◆ THE PROBLEM
What is needed is the exact text of each line in the listing below from the one with "Light Luxury and" up to and including the one with "Nahu Beach, chiringuito", and no pictures.

◆ INPUT
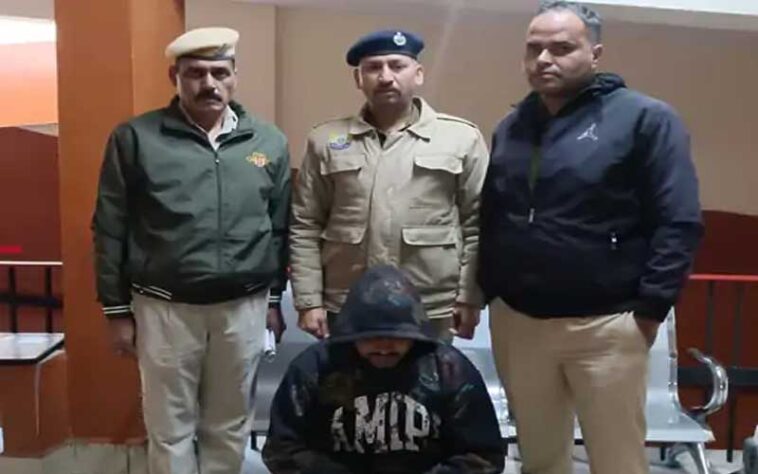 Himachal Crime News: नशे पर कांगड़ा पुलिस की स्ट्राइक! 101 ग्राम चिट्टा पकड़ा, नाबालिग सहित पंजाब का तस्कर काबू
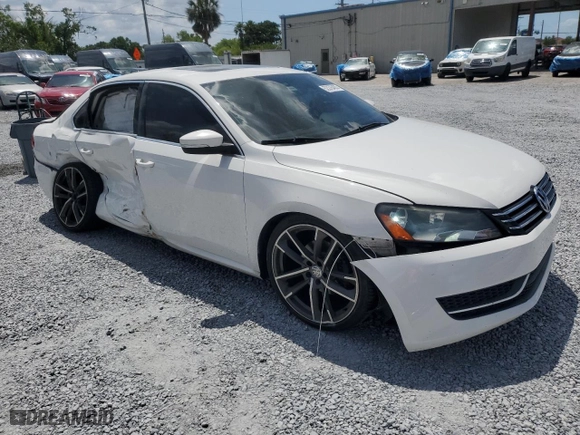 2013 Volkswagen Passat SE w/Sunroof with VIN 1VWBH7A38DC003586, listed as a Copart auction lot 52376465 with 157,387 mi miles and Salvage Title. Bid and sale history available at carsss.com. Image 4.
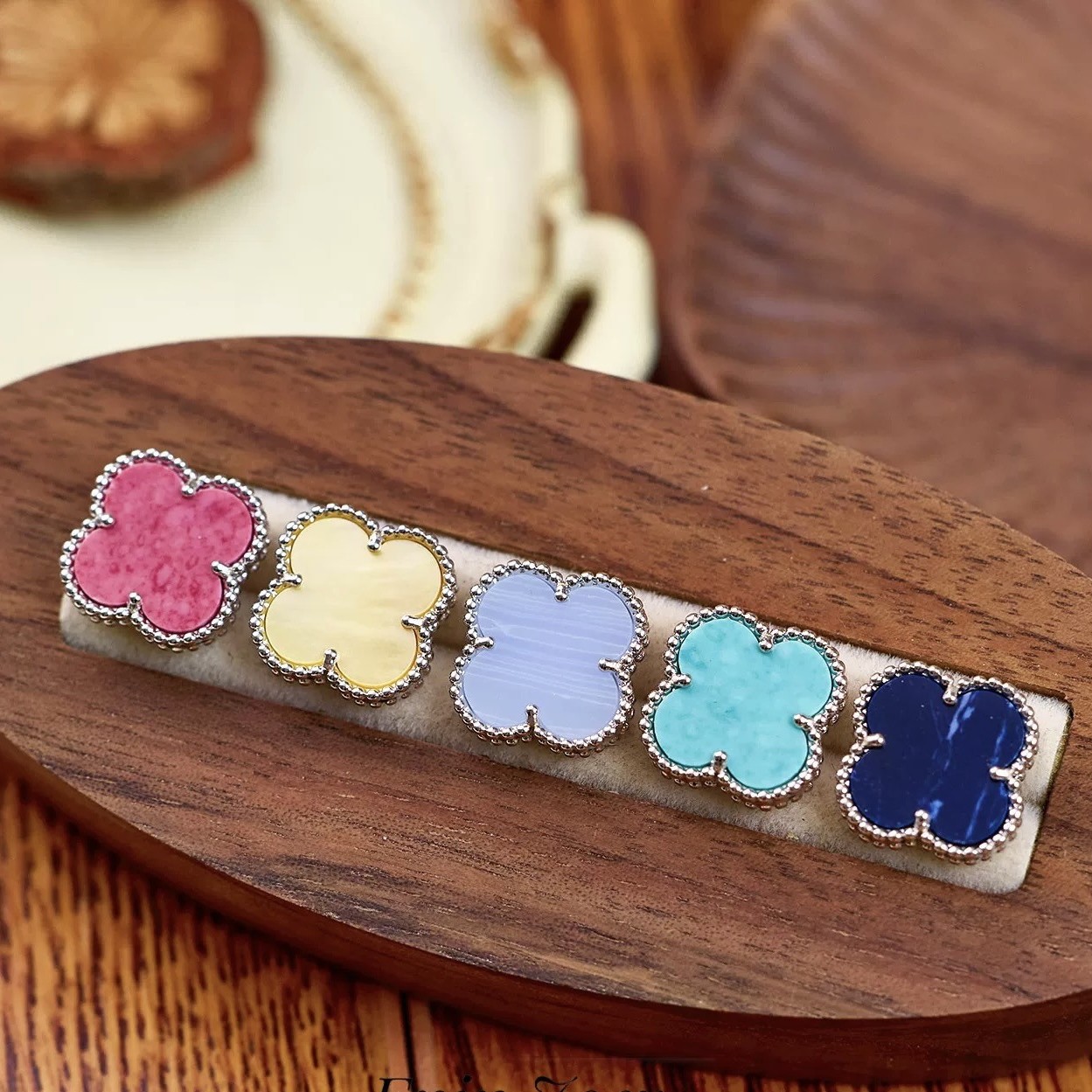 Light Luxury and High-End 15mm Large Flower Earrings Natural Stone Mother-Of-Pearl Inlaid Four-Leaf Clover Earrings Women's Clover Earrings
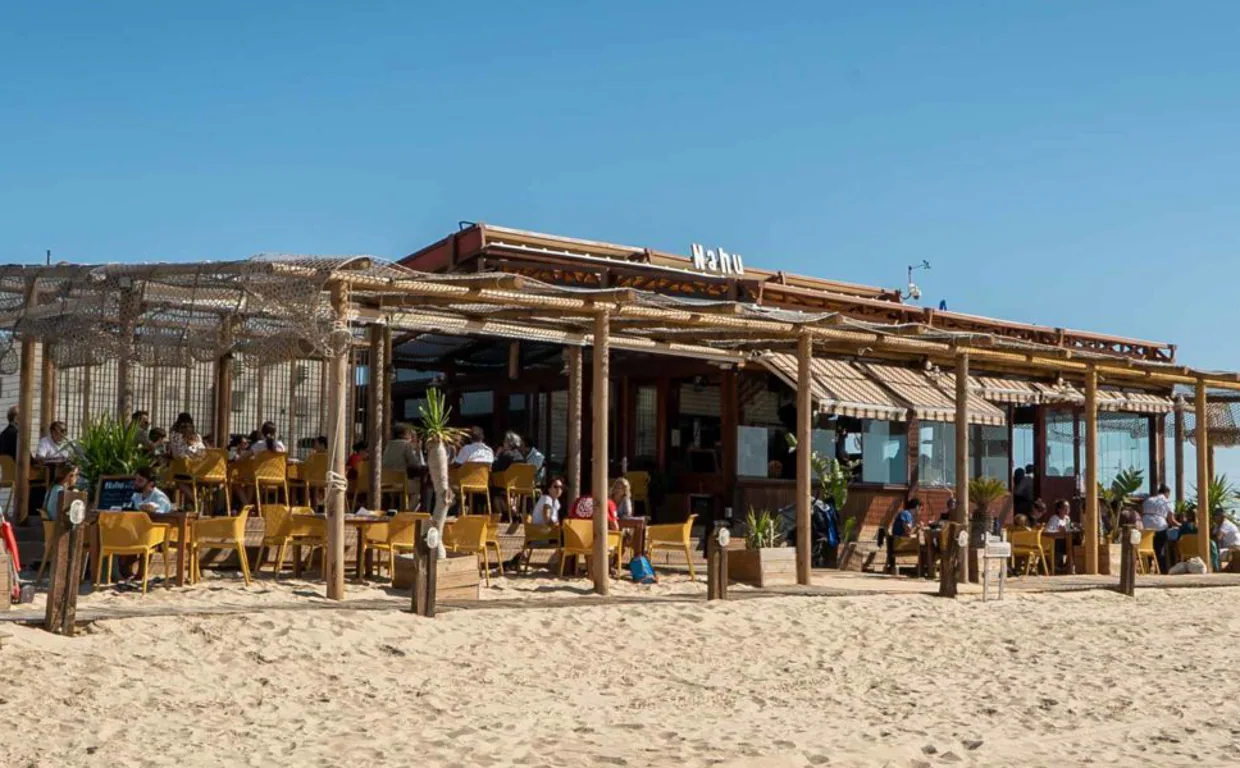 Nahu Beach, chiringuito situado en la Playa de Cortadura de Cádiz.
...
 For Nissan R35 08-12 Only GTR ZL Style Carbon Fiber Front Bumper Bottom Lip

◆ EXERCISE OUTPUT
 Light Luxury and High-End 15mm Large Flower Earrings Natural Stone Mother-Of-Pearl Inlaid Four-Leaf Clover Earrings Women's Clover Earrings
 Nahu Beach, chiringuito situado en la Playa de Cortadura de Cádiz.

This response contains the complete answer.